§ What to produce: The pictures in the listing below are to be skipped, while the lines between the line holding "20Dresses Women Black" and the line holding "mapa Helenów gmina", inclusive, are to be output exactly.

§ Data:

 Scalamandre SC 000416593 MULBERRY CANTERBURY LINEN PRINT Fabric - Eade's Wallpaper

...

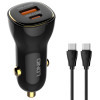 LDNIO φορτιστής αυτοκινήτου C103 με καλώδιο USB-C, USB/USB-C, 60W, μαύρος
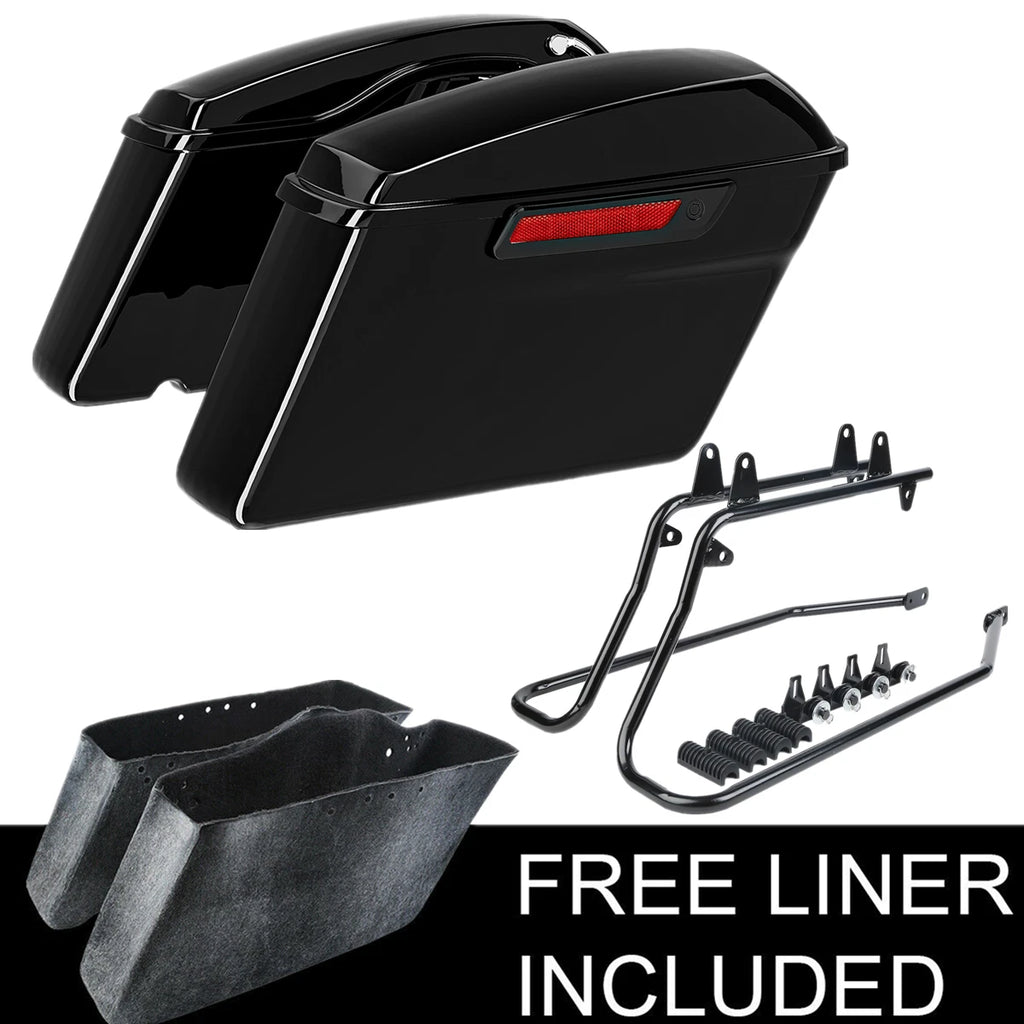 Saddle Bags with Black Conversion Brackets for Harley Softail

--

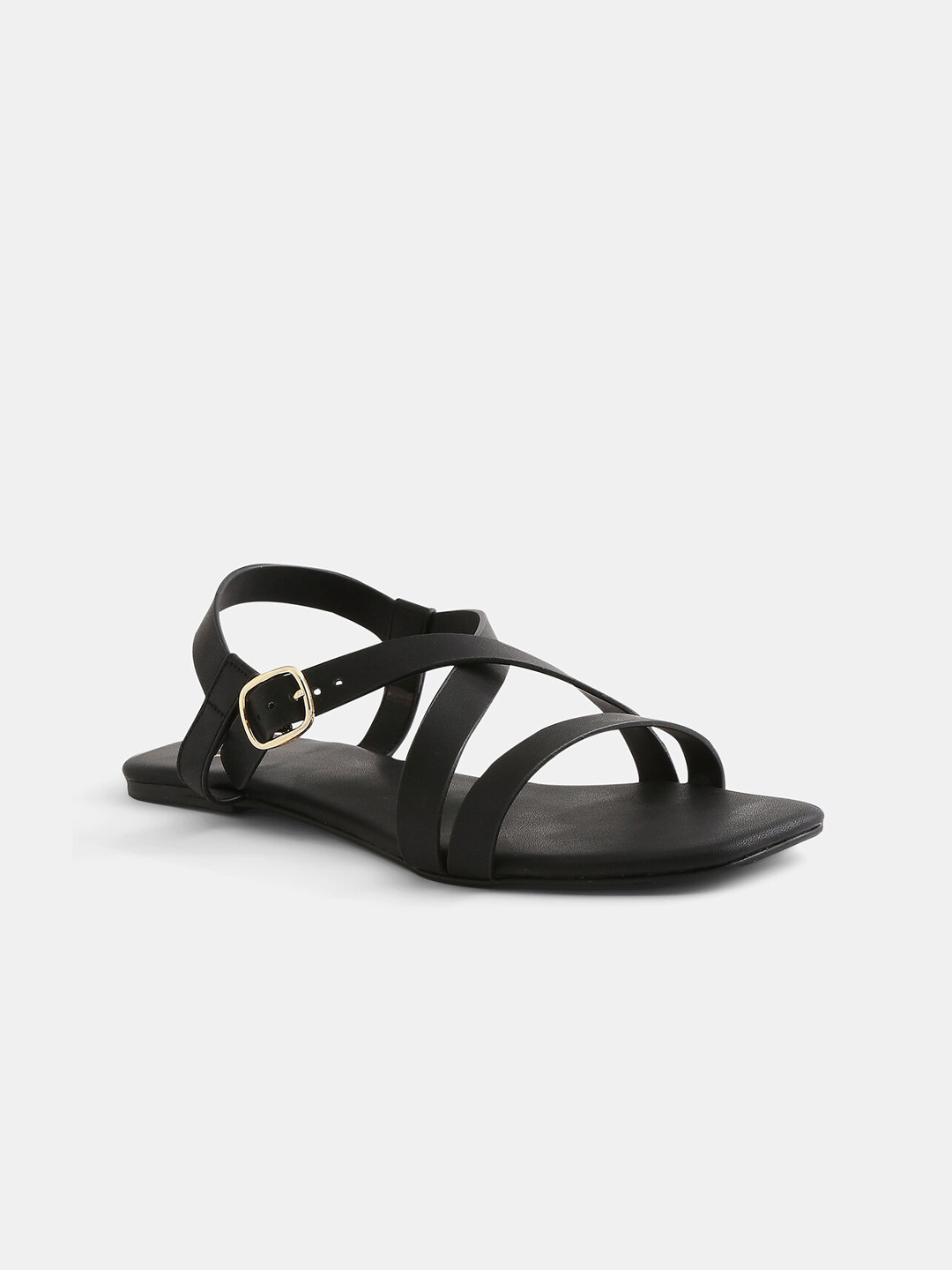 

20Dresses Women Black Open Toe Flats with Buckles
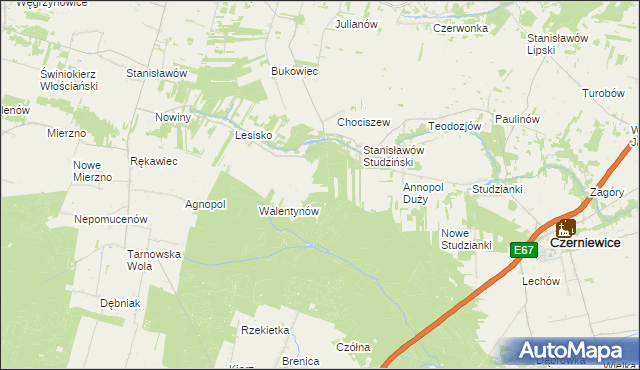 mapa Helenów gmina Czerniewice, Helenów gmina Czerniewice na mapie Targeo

§ Your solution:
20Dresses Women Black Open Toe Flats with Buckles
 mapa Helenów gmina Czerniewice, Helenów gmina Czerniewice na mapie Targeo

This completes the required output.